En aquella revista de estudios regionales llamada Eslabones, el canadiense Herman Konrad afirmaba con toda razón que nada de Revolución se dio en Quintana Roo: “como experiencia histórica, las primeras dos décadas del siglo XX tuvieron visos revolucionarios, pero no se puede afirmar que ésta haya sido producto de la Revolución”.

A excepción de las poblaciones de Isla Mujeres y Cozumel, las tradiciones locales eran incipientes y “no tenían la experiencia histórica común que poseían la mayor parte de las entidades de la República”, señala Konrad. Quintana Roo era la excepción en el esquema evolutivo político de México de esos años.

Tal vez, si forzamos los hechos, podríamos retomar como la parte histórica-revolucionaria de Quintana Roo en aquel periodo comprendido entre junio de 1913 y junio de 1915, cuando el Territorio fue reintegrado a Yucatán por órdenes de Venustiano Carranza. “Este movimiento propició que Quintana Roo se viera envuelto en la resistencia yucateca contra Carranza, que terminó bajo la fuerza de Salvador Alvarado”.
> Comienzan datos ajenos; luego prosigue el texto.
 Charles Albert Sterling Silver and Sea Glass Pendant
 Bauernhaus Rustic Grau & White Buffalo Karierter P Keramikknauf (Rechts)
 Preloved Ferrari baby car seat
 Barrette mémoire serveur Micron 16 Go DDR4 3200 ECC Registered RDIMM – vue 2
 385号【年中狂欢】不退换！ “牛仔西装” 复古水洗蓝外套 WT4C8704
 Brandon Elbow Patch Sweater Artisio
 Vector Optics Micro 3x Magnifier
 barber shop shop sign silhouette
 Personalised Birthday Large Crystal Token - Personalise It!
Realmente Quintana Roo era en esos años una zona que ya estaba controlada por los militares y que lo continuaron haciendo hasta la década de los 30s, ellos fueron los que institucionalizaron la Revolución en este territorio, tal y como lo detalla Teresa Ramayo en otro artículo de esa revista.
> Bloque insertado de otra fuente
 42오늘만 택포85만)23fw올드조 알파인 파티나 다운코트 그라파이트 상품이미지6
En este caso, la historia nos llega de rebote. Quintana Roo era una frontera semidespoblada, controlada por empresas forestales y una incipiente clase política subordinada al centro del país. La Revolución nos permea por aquello de ser parte de una federación de estados y por el compromiso nacional de construir un proyecto de identidad histórica y cultural.
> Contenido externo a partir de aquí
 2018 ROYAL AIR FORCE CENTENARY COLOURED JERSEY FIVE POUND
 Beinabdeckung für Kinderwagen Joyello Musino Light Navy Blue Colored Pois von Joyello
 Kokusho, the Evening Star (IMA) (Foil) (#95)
Acá no aportamos a la Revolución ni un gramo de plomo, ni un muerto. Ya los mayas se habían adelantado 60 años atrás y habían hecho su propia revolución y para los años de la Revolución mexicana estaban siendo “pacificados”.

La Revolución mexicana tuvo enormes costos, pero su saldo fue positivo. Después de ella, la voz y las organizaciones de muchos mexicanos ya no podían ser ignoradas, culturalmente se perdió en el campo el respeto al patrón, se crearon las condiciones para la reforma agraria y la expropiación de recursos naturales de patrimonio nacional. Pero sobre todo, se acaba con el antiguo régimen que frenaba la modernidad social y que ya habían trazado los liberales del siglo XIX: se termina con el caudillismo y se crea la Constitución Política de 1917.

A un año de las grandes celebraciones por su Centenario, está la tarea pendiente de revisar qué queda de aquellos saldos revolucionarios, en dónde terminaron los pedazos de esos ideales maderistas, zapatistas y villistas que movieron a miles de personas. Y sobre todo, llevar a contraluz de un siglo las realidades de una nación que ahora se encuentra en una seria crisis económica, pero que socialmente ya no es la misma de hace cien años.